AI, and the end of ‘I Don’t Know’
I sometimes wonder how much of another human being we can ever really know. We watch what people do, listen to what they say, and fill in the unseen parts for ourselves. Most of the time, we probably don’t even realise we’re doing it.
For instance, we may decide that someone is upset, jealous or hiding something. We presume that we understand why they behaved as they did, although we may have very little evidence beyond the fact that their behaviour affected us.
My interest in courtroom trials has made me particularly aware of this. A witness can appear calm and convincing whilst another struggles to remember events in a neat order. We may instinctively believe the person who tells the better story - yet confidence isn’t evidence of honesty, just as visible distress isn’t evidence that someone is unreliable. Human beings don’t always look the way we expect truthful people to look.
The same assumptions follow us into the workplace. A colleague who speaks with confidence is often considered more capable than somebody who pauses to think. The person willing to say ‘I know’ may command more attention than the person honest enough to say ‘I’m not sure’. If a dispute develops, the person who explains their version calmly may be believed over someone whose frustration has accumulated across months of smaller incidents.
A colleague may appear emotionally detached for reasons we know nothing about. They may communicate differently or cope with pressure in a way that doesn’t fit our expectations. We can do considerable harm when we decide we know what another person feels, particularly when our conclusion is that they feel nothing.
Neither should we ignore the evidence of a person’s actions because we cannot know what’s happening inside them. If somebody repeatedly shifts blame, damages colleagues or changes their account depending on the audience, those behaviours matter. We don’t have to decide what kind of person they are before acknowledging what their actions are doing to others.
Perhaps this is where human judgement becomes most valuable. We have to resist inventing motives and remain willing to examine patterns. That requires more effort than attaching a label. It also requires the possibility that our first interpretation may be wrong.
The Dunning–Kruger effect is often explained in simple terms: the less we know about something, the harder it can be to recognise how poor our understanding is. Someone with limited knowledge doesn’t necessarily have enough knowledge to see the gaps. As we learn more, the subject often becomes less certain rather than more straightforward. We begin to notice the exceptions and the parts we hadn’t thought to ask about.
I wonder what happens to that process when AI can fill every gap almost immediately.
We no longer have to sit with the discomfort of not knowing. We can describe a colleague’s behaviour to an AI tool and receive a plausible explanation in seconds. If we word the prompt from the position that the colleague is manipulative, the response may help us build that case. If we approach it believing that we are the victim, it may produce language that confirms the part we’ve already assigned ourselves.
The result can look researched and psychologically informed. It may contain terminology we hadn’t previously known and explain the situation with a confidence we couldn’t have produced alone. But the tool hasn’t met the colleague. It hasn’t seen our own behaviour or heard the conversations that we forgot to mention. It’s working from the evidence we chose to provide, including all the assumptions contained within it.
That doesn’t make AI useless. It does mean that its fluency can make borrowed certainty feel like personal understanding.
We can already see a version of this on social media. People are able to form fixed opinions about strangers from a short recording or somebody else’s description of an event. They become angry with anyone who interprets the same fragments differently. AI now gives those opinions structure and an appearance of authority. It can make an untested belief sound like a considered judgement.
My concern isn’t simply that this will produce more keyboard warriors. I’m more troubled by what it might do to curiosity. If an answer is always available, will we continue to look beneath it? If our opinions can be justified on demand, what will make us wonder whether the original opinion deserved to survive?
This is also why I’ve begun to question what self-development means in 2026. For years, people have been encouraged to become more confident, to trust themselves and stop seeking approval. There was good reason for much of that, particularly for those whose voices had been dismissed. Yet I’m no longer certain that greater self-belief is always the development we need.
Perhaps we now need to become better at recognising where our knowledge ends. That isn’t the same as becoming timid or allowing other people to think for us. It means caring enough about the truth to accept that we may not possess it yet.
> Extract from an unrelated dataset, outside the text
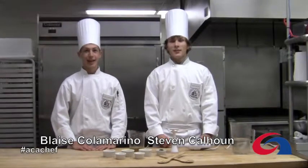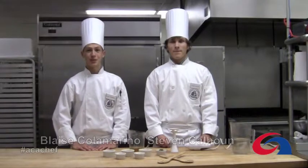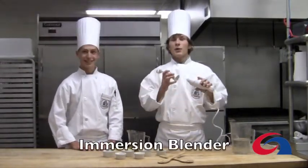Hi, I'm Blaise. Hi, I'm Steve. And this is the Food Minute. We are both freshmen at the Academy of Culinary Arts. And today, we'll be showing you how to use a basic immersion blender. Doing so, we'll be making a basic vinaigrette.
Without that ability, we become easier to divide. We can be kept arguing with one another, each side armed with convincing explanations generated from its existing beliefs. At the same time, we may become less willing to examine the information presented by institutions, technological companies or those with political power. We will feel as though we’re thinking independently because the opinion sounds like our own, without noticing how much of the thinking has been supplied for us.
The future of our species may not depend on everyone becoming more knowledgeable. It may depend on enough people retaining the humility to know that information and understanding aren’t the same thing.
When we encounter the confident colleague, the distressed witness or the person we’re tempted to call a psychopath, we may never know exactly what’s happening inside them. We can still pay attention to their actions and the effect those actions have. We can listen without treating performance as proof. Most importantly, we can leave enough room in our judgement for evidence we haven’t encountered yet.
I don’t know whether AI will weaken that human capacity or force us to value it more. I do know that a society in which everybody can produce an answer, but fewer people remain curious about whether that answer is true, feels like a worrying place to be heading.